**EXERCISE DESCRIPTION**
Your output must be the lines below from the line containing "07.09.2025 - BARMER" to the line containing "Central Fortuzi Apartment Tirana Albanien", both lines included, reproduced exactly and without pictures.

**EXTRACTED ENTRIES**
*** Block opens ***

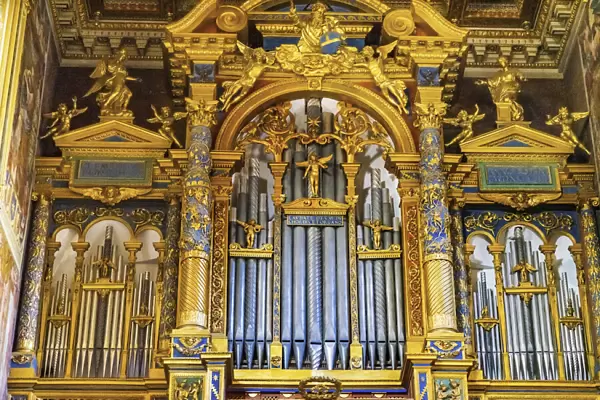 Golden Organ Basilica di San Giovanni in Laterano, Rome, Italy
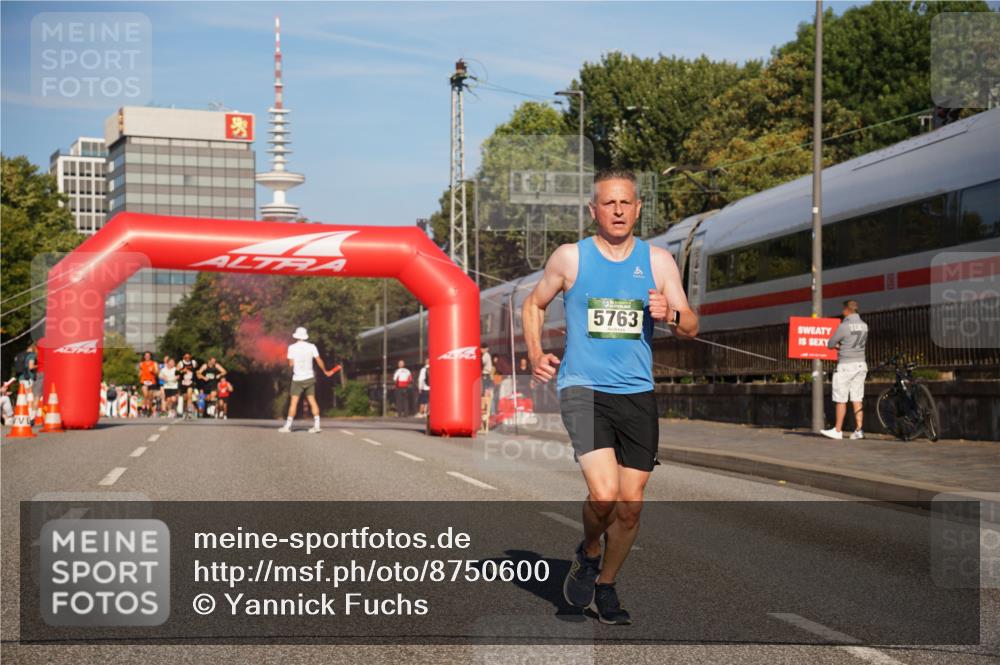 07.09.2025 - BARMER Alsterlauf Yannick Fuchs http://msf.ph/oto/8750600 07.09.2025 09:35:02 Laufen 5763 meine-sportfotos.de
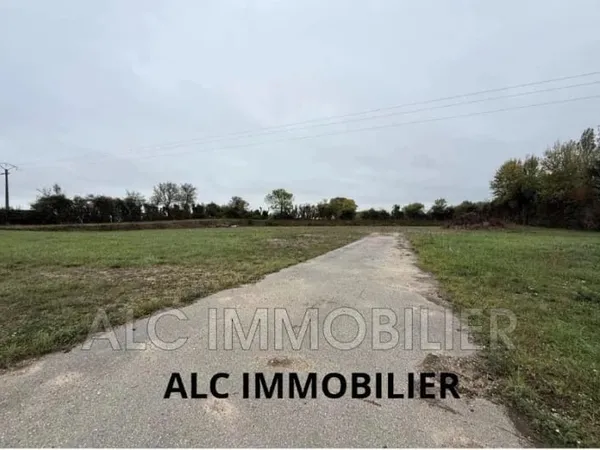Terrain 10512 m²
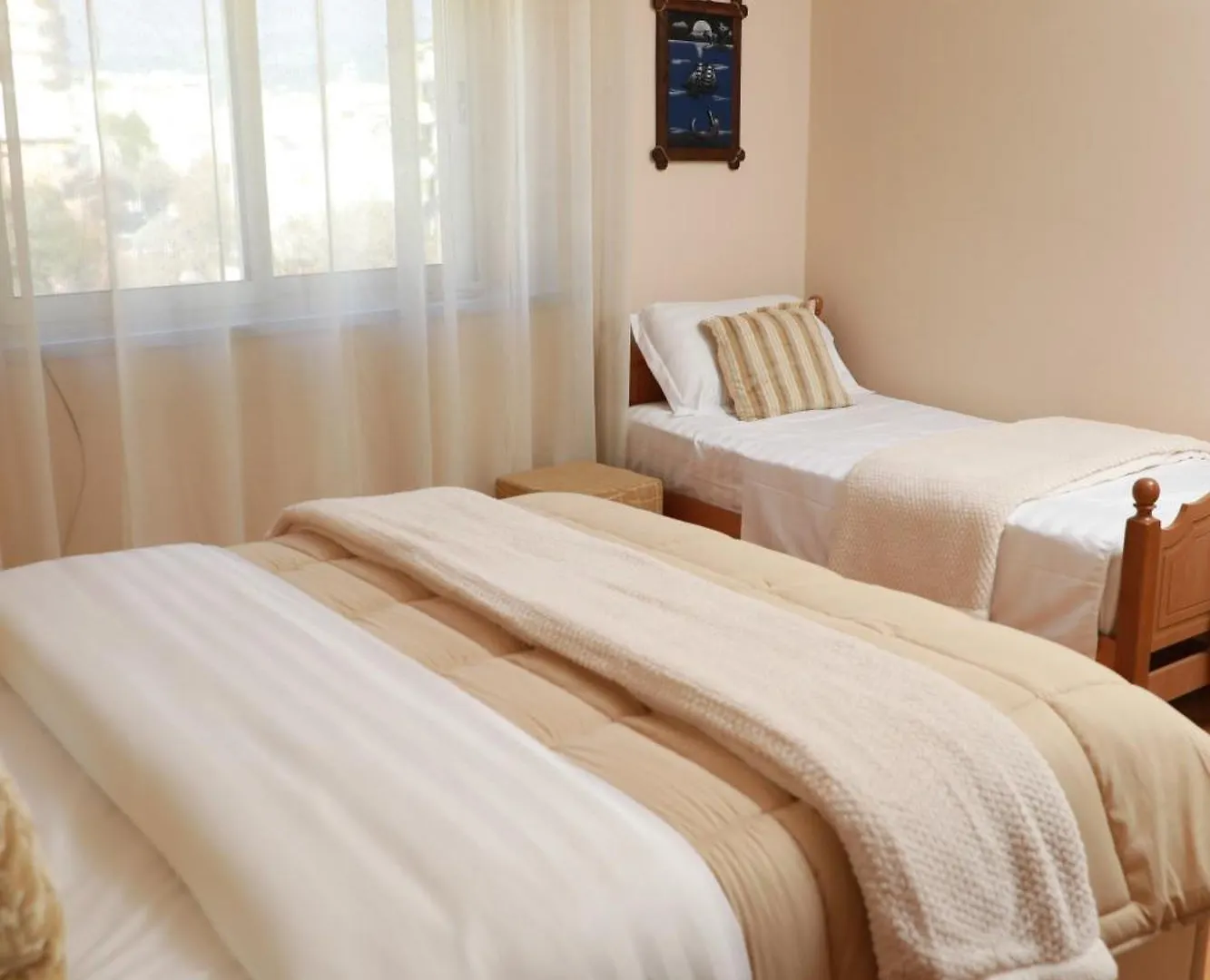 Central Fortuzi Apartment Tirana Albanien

*** Block closes ***
*** Block opens ***

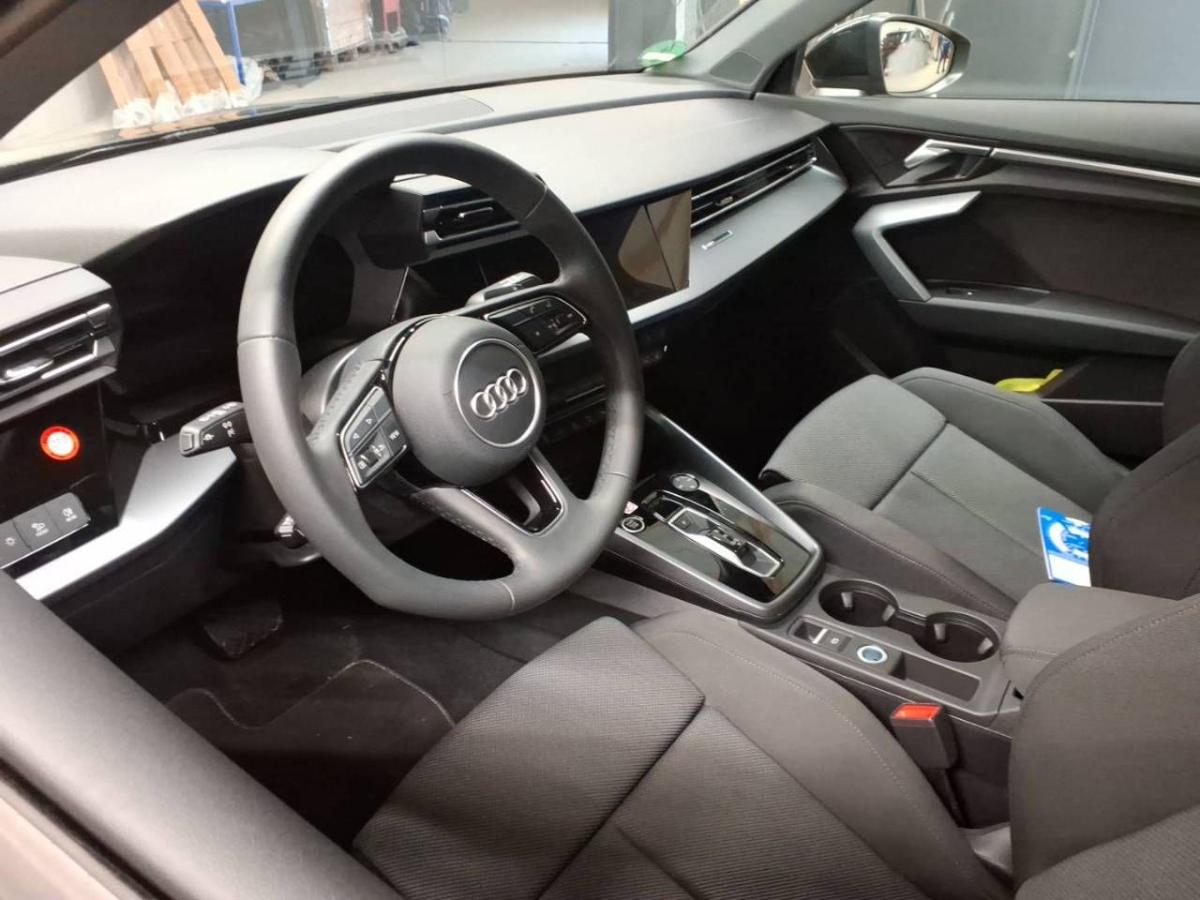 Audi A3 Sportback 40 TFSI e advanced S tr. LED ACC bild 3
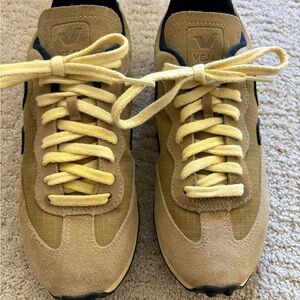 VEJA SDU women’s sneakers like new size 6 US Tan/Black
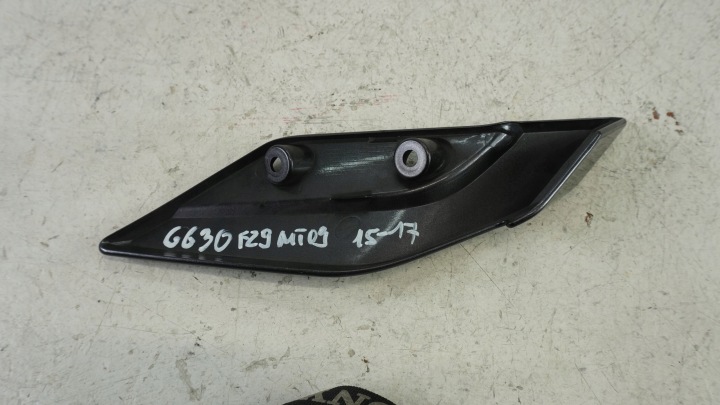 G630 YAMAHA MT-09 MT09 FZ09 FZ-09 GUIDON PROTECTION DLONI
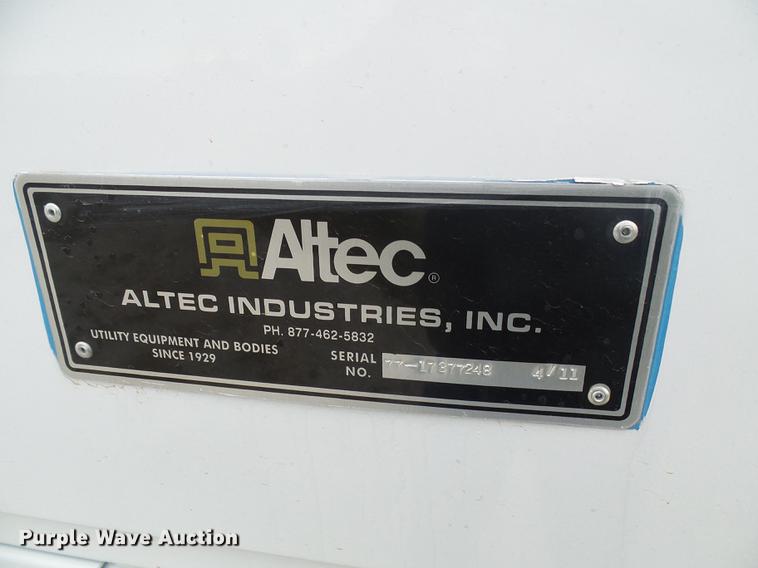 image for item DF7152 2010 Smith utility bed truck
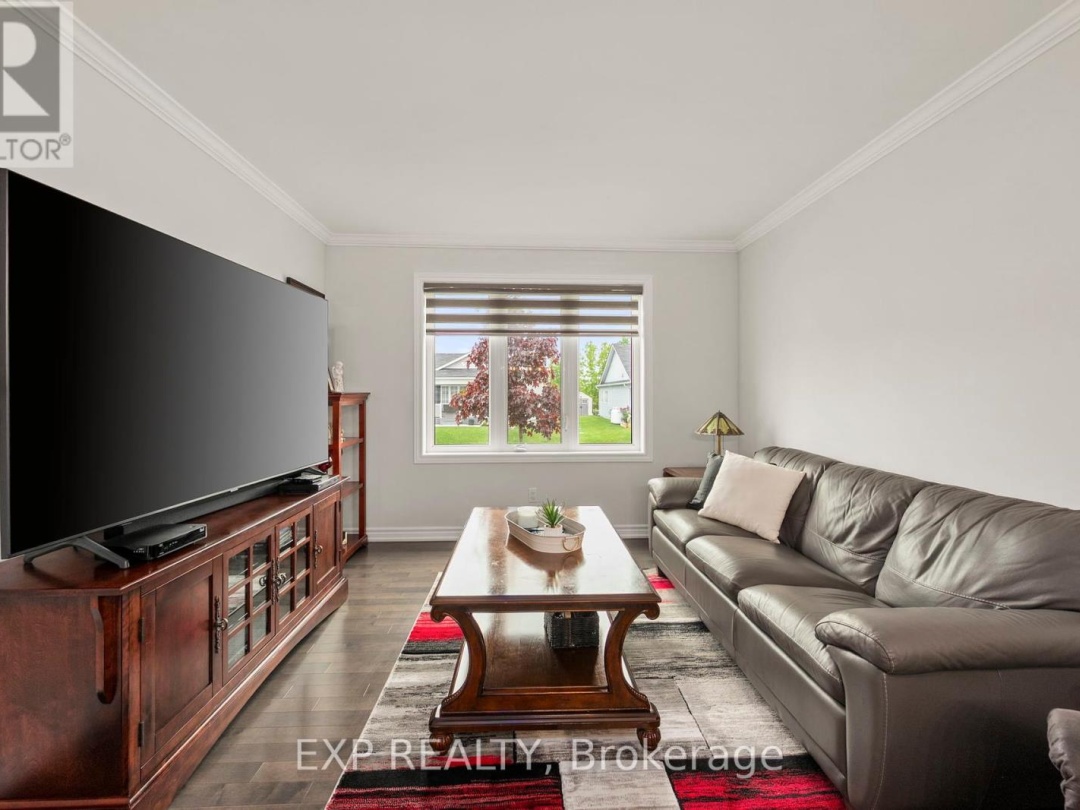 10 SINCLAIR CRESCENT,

*** Block closes ***

**TASK ANSWER**
 07.09.2025 - BARMER Alsterlauf Yannick Fuchs http://msf.ph/oto/8750600 07.09.2025 09:35:02 Laufen 5763 meine-sportfotos.de
Terrain 10512 m²
 Central Fortuzi Apartment Tirana Albanien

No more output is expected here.